Über die Grundlagen der Studie lässt sich kaum streiten. Ein Whistleblower hatte den Journalisten eine Datei mit 10 000 Bluttests von 2000 Langläufern zugespielt. Diese entstammen der Datenbank des internationalen Skiverbandes Fis. Weiter auslegbar ist dagegen die Interpretation der Messresultate. Die vom Rechercheverbund herangezogenen Blut-Experten haben Erfahrung im Anti-Doping-Kampf, sie kamen unter anderem zu dem Schluss, dass 313 Medaillen bei Olympia oder Weltmeisterschaften zwischen 2001 und 2017 mit hoher Wahrscheinlichkeit durch Manipulation zustande kamen.

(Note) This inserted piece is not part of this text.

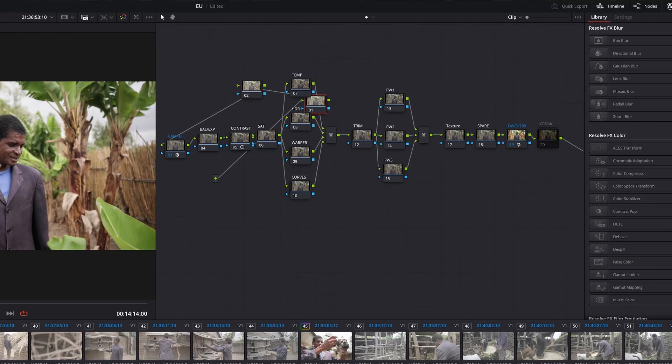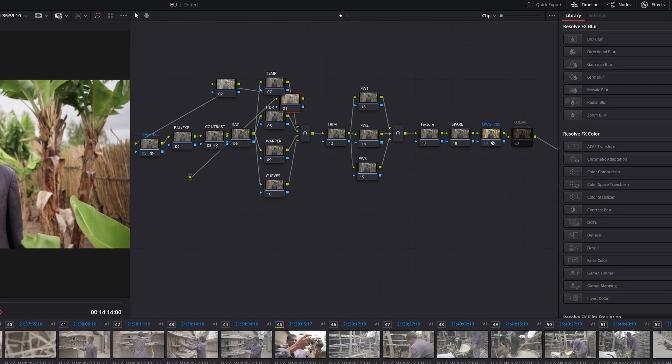So you spend hours trying to find the perfect grade on a specific footage on a log file and you want to save that grade so that you can use it on future projects. In this video I'm going to show you how you can save your grade into a power grade, so that whenever you use log footage you can just drag and drop that power grade onto your node tree and it will automatically apply that grade.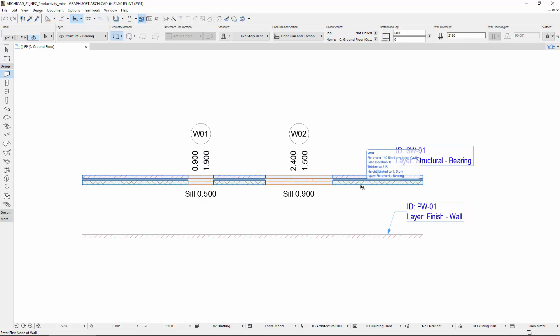There are two walls on the floor plan: a Partition Wall and a Structural Wall. Their layers, Composite Structures, and ID are different.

Das entspricht fast der Hälfte aller Groß-Event-Medaillen dieser Phase. 290 Sportler hätten abnormale Werte aufgewiesen, an der Spitze 51 Russen, dann 22 Deutsche, danach folgten Frankreich (20), Österreich und Norwegen (16) und viele weitere Nationen.

Auch 30 Kontrollen pro Jahr können keine Garantie für eine unfehlbare Glaubwürdigkeit sein

Bei den Verbänden zeigt man sich ratlos über die Höhe dieser Zahlen, zumal von Spitzenkräften die Rede ist. Der DSV zum Beispiel verfügt über eigene Daten von Blut-Analysen seiner Sportler aus der Zeit zwischen 2001 und 2010, wenige, sagt Schwarzbach, weisen Schwankungen bei den roten Blutkörperchen auf, jedoch im legalen Rahmen. Möglicherweise komme die Zahl 22 auch dadurch zustande, dass mehrere verschlüsselte Proben ein- und desselben Athleten unterschiedlichen Personen zugeschrieben wurden. Auch seien extrem hohe Hämoglobinwerte manchmal mit Höhentraining oder Krankheiten begründbar.

Um das Rätsel zu klären, müssten sich die Verbände direkt an die Fis oder die Welt-Anti-Doping-Agentur Wada wenden. Dieser Schritt drängt sich angesichts der vielen Rätsel und der Unsicherheit geradezu auf. Die Fis dürfte ja über jene Blutwerte aus den Nullerjahren, die im Langlauf in der Tat einige Epo-Dopingskandale hervorbrachten, verfügen und diese anonymisiert auch an die Betroffenen weiterreichen, damit diese Klarheit bekommen. Über diese Option werde man "intern noch einmal sprechen", sagte Schwarzbach.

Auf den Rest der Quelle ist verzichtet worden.